The Second Amendment and Closed Horizons

Steven Fake on gun violence and inequality in the United States.

Submitted by Juan Conatz on August 10, 2012

The horror of the Oak Creek and Aurora shootings has once again revived the recurring national debate on the relevance of the Second Amendment for modern society.

The controversy is typically framed by the National Rifle Association – essentially a gun industry front group – on one end, and liberal gun control advocates on the other. This polarity generates much heat, yet skillfully avoids any serious consideration of the underlying cause of the explosive violence in our society, and forces a closing of the political imagination.

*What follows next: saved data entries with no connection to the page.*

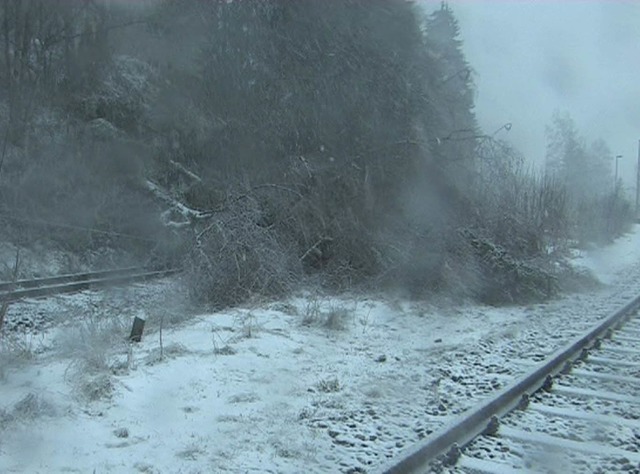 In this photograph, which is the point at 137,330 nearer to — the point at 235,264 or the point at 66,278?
the point at 235,264

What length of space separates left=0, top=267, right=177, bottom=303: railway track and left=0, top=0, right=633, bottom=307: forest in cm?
98

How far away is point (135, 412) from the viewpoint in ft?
17.9

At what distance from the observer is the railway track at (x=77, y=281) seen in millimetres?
11913

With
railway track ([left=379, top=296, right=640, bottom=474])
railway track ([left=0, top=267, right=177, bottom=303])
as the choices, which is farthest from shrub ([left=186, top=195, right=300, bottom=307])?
railway track ([left=379, top=296, right=640, bottom=474])

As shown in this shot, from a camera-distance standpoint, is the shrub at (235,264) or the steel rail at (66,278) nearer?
the shrub at (235,264)

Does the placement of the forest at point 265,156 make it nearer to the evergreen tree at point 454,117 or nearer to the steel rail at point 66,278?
the evergreen tree at point 454,117

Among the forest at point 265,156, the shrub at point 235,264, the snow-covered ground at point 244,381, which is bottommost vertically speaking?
the snow-covered ground at point 244,381

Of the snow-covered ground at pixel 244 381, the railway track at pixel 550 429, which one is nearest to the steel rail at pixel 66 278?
the snow-covered ground at pixel 244 381

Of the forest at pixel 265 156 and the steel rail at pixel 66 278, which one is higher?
the forest at pixel 265 156

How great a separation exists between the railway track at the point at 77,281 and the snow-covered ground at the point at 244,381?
2.29 ft

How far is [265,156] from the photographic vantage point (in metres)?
16.3

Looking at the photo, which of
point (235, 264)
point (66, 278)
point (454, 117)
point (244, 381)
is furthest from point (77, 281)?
point (454, 117)

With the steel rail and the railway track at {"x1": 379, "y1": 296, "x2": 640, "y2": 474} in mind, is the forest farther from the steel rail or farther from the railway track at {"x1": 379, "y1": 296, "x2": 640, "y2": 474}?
the railway track at {"x1": 379, "y1": 296, "x2": 640, "y2": 474}

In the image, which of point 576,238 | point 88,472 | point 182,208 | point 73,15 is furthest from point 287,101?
point 576,238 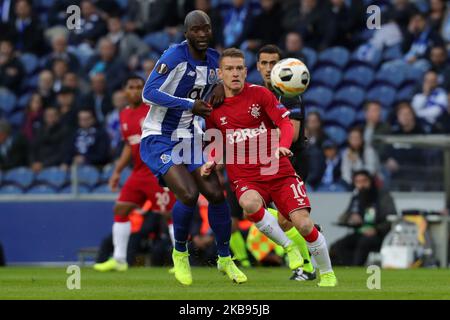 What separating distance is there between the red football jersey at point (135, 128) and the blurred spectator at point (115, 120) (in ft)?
13.5

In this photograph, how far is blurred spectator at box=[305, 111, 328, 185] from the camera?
1702 centimetres

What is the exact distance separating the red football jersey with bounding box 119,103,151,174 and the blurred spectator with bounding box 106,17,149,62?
21.8ft

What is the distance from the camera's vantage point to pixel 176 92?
35.4ft

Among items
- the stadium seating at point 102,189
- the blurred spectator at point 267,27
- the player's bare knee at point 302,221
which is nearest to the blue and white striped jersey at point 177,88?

It is striking that the extensive media analyses that follows in the wake of these periodic shooting outbursts scrupulously avoid a salient fact. Namely, that it is well established in the academic literature that there is a robust correlation between a nation’s economic inequality and its violent crime rate.1

Proponents of gun law reforms often imply that the Second Amendment is no longer relevant to modern society. Why this should be is not entirely clear. Contrary to stated national foundational aspirations, the U.S. now supports a large standing army. The military is so powerful that private weapons ownership is actually supposed irrelevant to the original concern to provide a check on government force. However, parity with the military is not necessary to act as a disincentive against government heavy-handedness.

The Black Panther Party and the American Indian Movement knew this well and would have likely found an erosion of the Second Amendment guarantee troubling. No doubt any sensible popular movement is well advised to remain as scrupulously nonviolent as possible. Yet the basic concern motivating the Second Amendment remains as real as ever.

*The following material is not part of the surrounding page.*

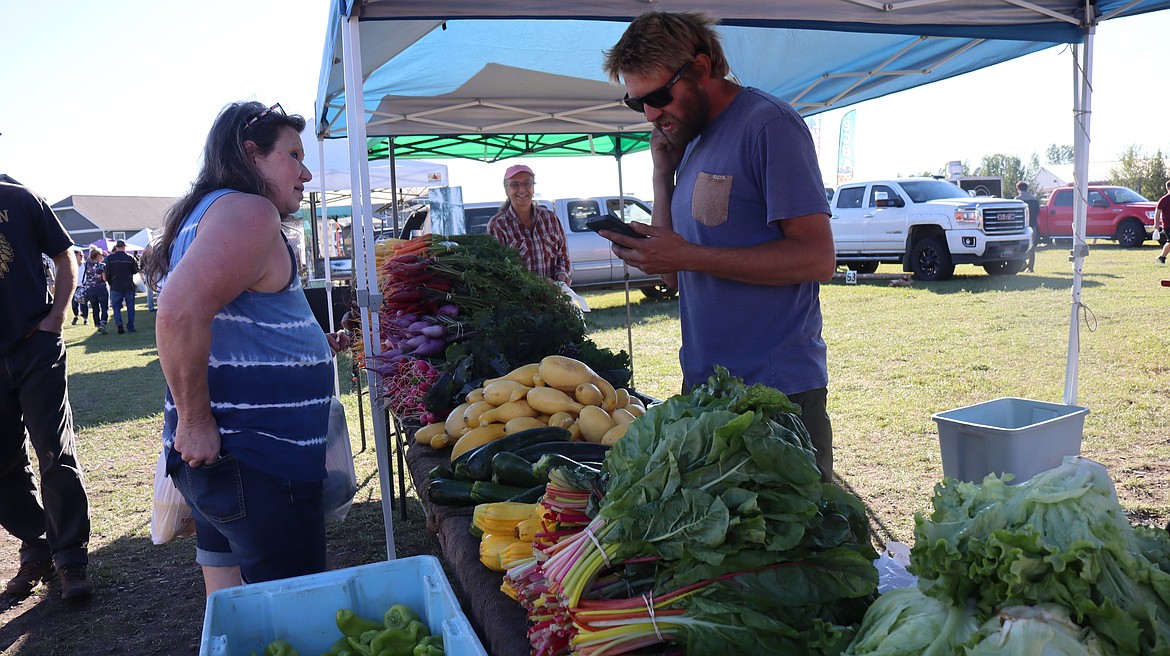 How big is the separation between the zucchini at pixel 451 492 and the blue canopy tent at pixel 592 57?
1.23 meters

A heavily armed populace can indeed be remarkably violent. An authoritarian police state with an unchallenged monopoly of force begins to look attractive in comparison with bloody chaos.

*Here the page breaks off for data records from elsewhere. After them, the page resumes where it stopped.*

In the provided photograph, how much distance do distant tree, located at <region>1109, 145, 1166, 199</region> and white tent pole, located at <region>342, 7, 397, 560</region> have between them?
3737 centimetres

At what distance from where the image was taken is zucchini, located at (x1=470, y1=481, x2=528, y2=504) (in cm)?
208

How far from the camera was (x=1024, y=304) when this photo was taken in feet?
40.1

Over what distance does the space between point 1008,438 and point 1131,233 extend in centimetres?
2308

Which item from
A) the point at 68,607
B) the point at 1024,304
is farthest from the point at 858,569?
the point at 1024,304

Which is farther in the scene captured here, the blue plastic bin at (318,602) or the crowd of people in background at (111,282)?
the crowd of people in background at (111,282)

However, the choice – between gun rights and potential popular power versus public safety – is a false one.

In fact, gun ownership is not particularly correlated with national firearm homicide rates. To take an example, in Somalia the rate of firearms ownership is only 9.1 per 100 people (compare to 88.8 in the U.S.).

Many of the opinion shapers pushing heightened restrictions on gun ownership are no doubt sincerely concerned with public safety. But they jump to a troublesome solution to a symptom that leaves the underlying problem of inequity utterly untouched. There is also a concomitant underlying assumption that the government is essentially legitimate – that it should have a monopoly of force. The Bacon, Shay, and Whiskey rebellions are a very distant memory.

The U.S. will not be adopting British gun laws anytime soon. The debate actually hinges on stricter background checks and restricting high powered weaponry like assault rifles and large magazines weaponry. Unquestionably, some line on firearm ownership must be drawn. No sane society will allow every citizen who wishes to obtain, say, a tank, or a bomb. We don’t want Sheldon Adelson purchasing fighter jets for his own private militia.

Moreover, there are very legitimate grievances against the U.S. gun industry and its sales to illegitimate international forces ranging from Mexican drug cartels to unsavory armed actors in conflicts across the globe. The U.S. leads the world in lubricating lethal conflicts with such opportunistic small arms sales.

However, that discussion is a different one from a focus on tackling the source of violence in our society. The obvious first step towards reducing crime is straightforward – drastically reduce inequality. Is it any surprise that such talk is permitted no space in the sanctioned public dialogue?

Steven Fake is coauthor of Scramble for Africa: Darfur – Intervention and the USA. He resides in Washington D.C.